Subject: SSH 2.0 license; looks like 2.0 won't allow non-education use
To: None <current-users@netbsd.org>
From: Rob Healey <rhealey@norstar.com>
List: current-users
Date: 10/12/1998 11:08:22
	Has anybody taken a close look at the SSH 2.0 license? In a nutshell
	it appears that unless you are a student at a University the public 
	source use is prohibited; i.e. you have to get the commercial version.

	Particularly interesting is that you can't connect up to a commercial
	entity with the public version unless you are a student downloading
	work; i.e. an ISP is a commercial entity as is any other entity
	that pays salerys, i.e. a non-profit organization would fall under
	the paying salery dept.

	Offhand it sounds like cdrom.com couldn't even use it let alone any
	of the organizations that package up freeware CDROM's; they probably
	pay people to do the packaging and thus fall under commercial catagory.

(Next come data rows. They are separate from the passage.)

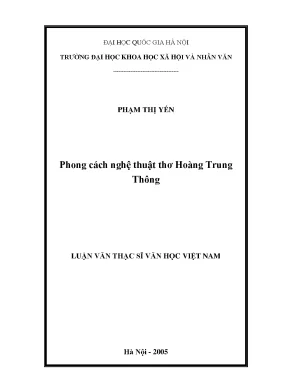 Luận văn thạc sĩ phong cách nghệ thuật thơ hoàng trung thông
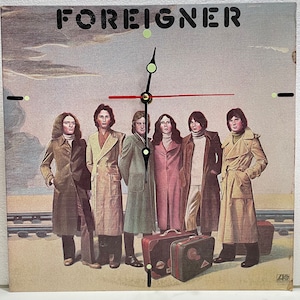 Upcycled Foreigner Debut Album Wall Clock - Vintage Rock Decor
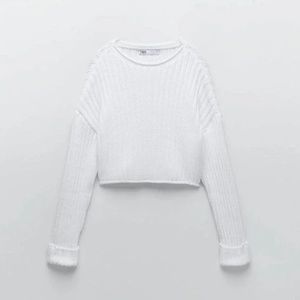ZARA Cropped Knit Sweater Sz M NWT - White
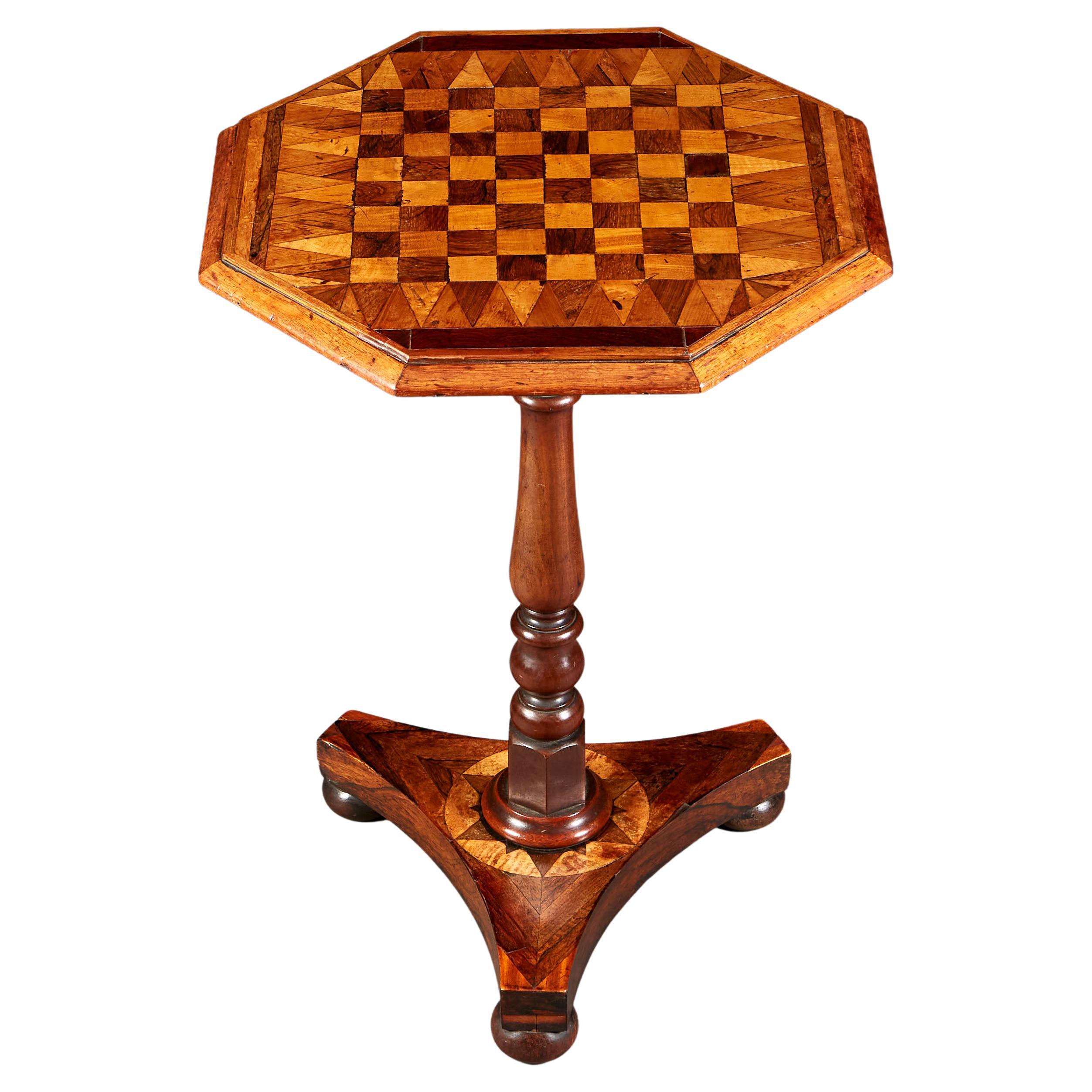 19th Century Chess Board Occasional Table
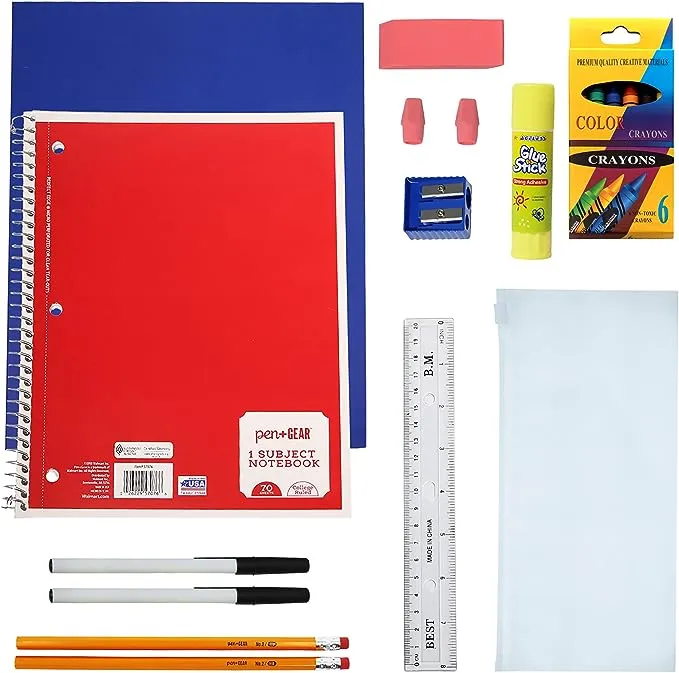 18 Piece Pack Wholesale School Supply Kits for Students, Teachers, Back to School Drives - Case of 24 Bulk School Supplies Value Bundle Pack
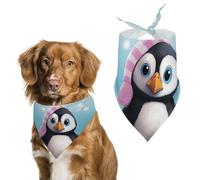 Lovely Penguin Pet Scarf Print Pet Triangle Bibs Scarf Dog Bandanas Cat Birthday Cute Soft Puppy Scarfs Washable Daily Handkerchief for Small Medium and Large Dogs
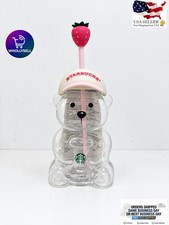 2026 Starbucks Bearista Bear Cup Tumblers Strawberry Topper Baseball Cap picture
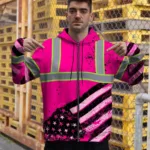 hi-vis-zip-hoodie-reflective-pink-us-flag-paint-custom-name-safety-76f72.webp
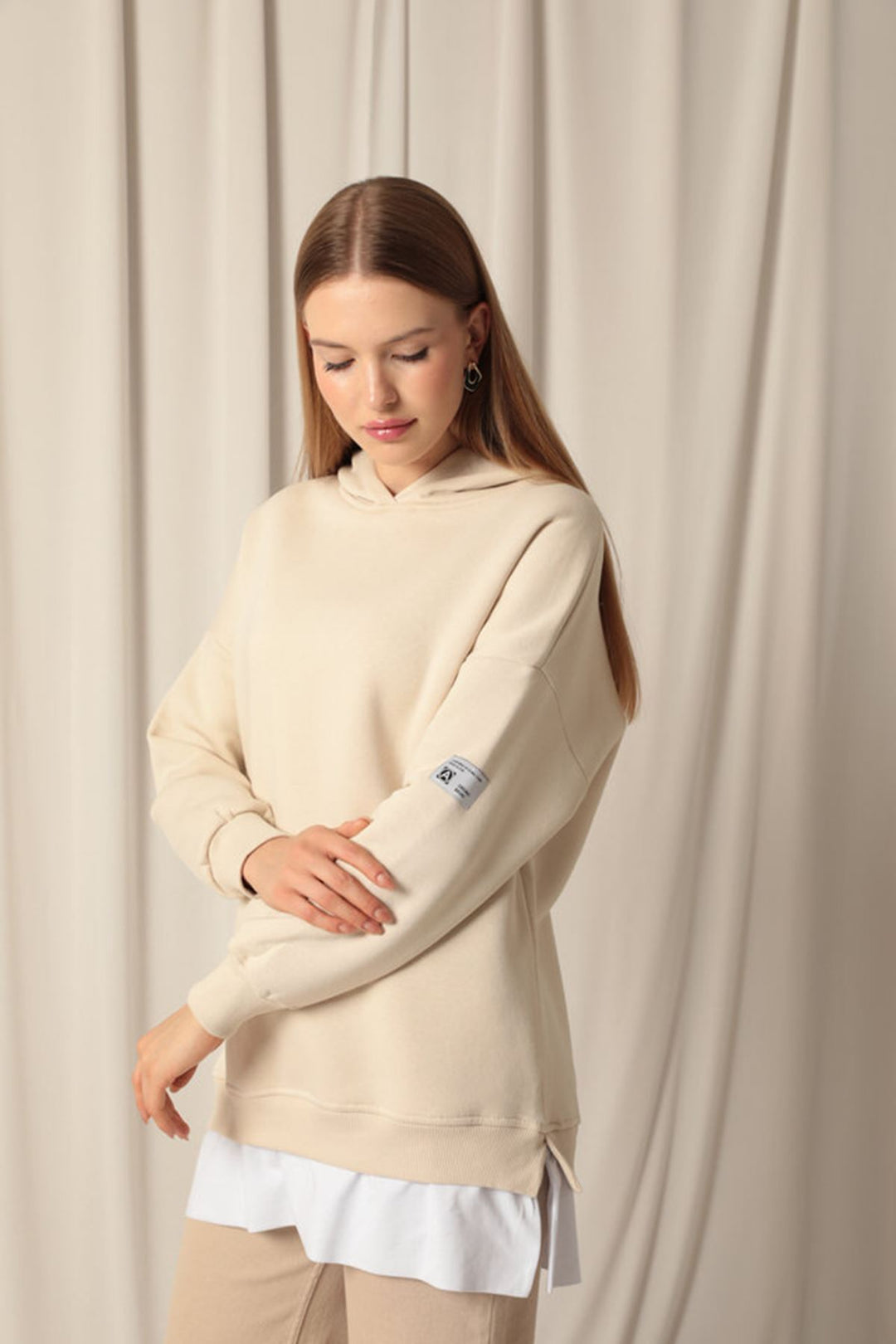 KKT Three Thread Fabric Hooded Women's Beige Sweat - Appleton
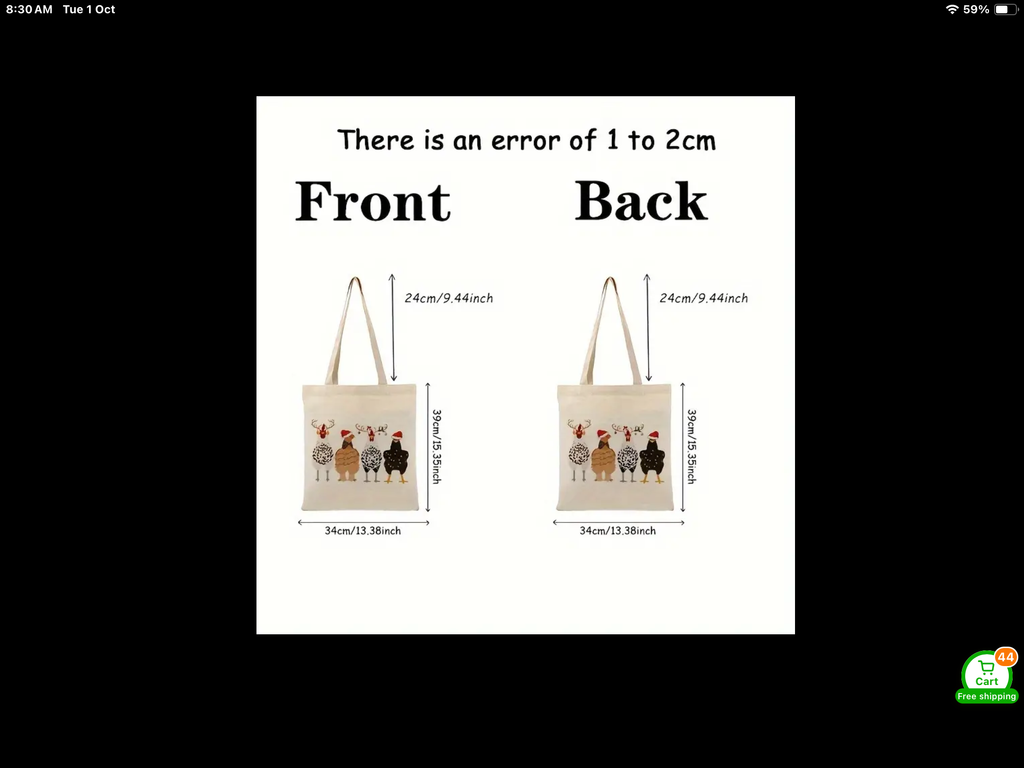 Sac fourre-tout en toile avec motif poulet de Noël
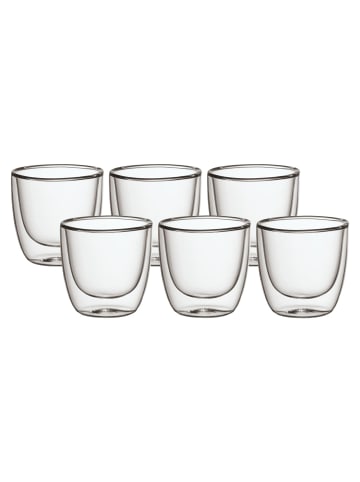 Villeroy & Boch 6er Set Doppelwandige Becher Manufacture Rock in Transparent 60 ml in transparent
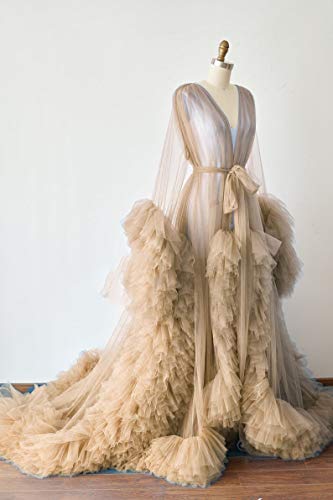 Image of BATHGOWN Sexy Illusion Long Lingerie Tulle Robe Nightgown Bathrobe Sleepwear Bridal Robe Wedding Scarf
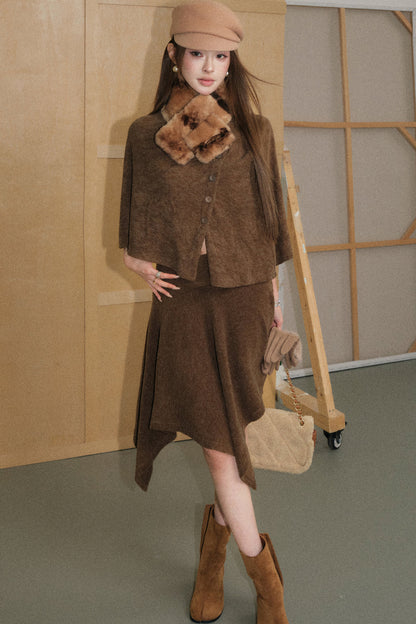 Mocha Brown Velvet-Like Top and Skirt Set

	Given the 2.0 license, care should be taken that the 2.0 version
doesn't
	get onto any of the archives or CDROM's. It's not clear what patches
	in the pkg area would do either since the patched 2.0 would be a
	derived work...

	This seems kinda stinky since they expect the freeware world to fix
	and debug their commercial product while forcing the same people
	who would be providing fixes to buy the commercial version! It's
	not clear if the commercial version is source or binary either.

	Anyways, has anyone else looked in to this yet? Should care be taken
	to avoid the 2.0 version in the distribution and/or pkg (patch issue)
	so sticky legal dragons don't rear their heads?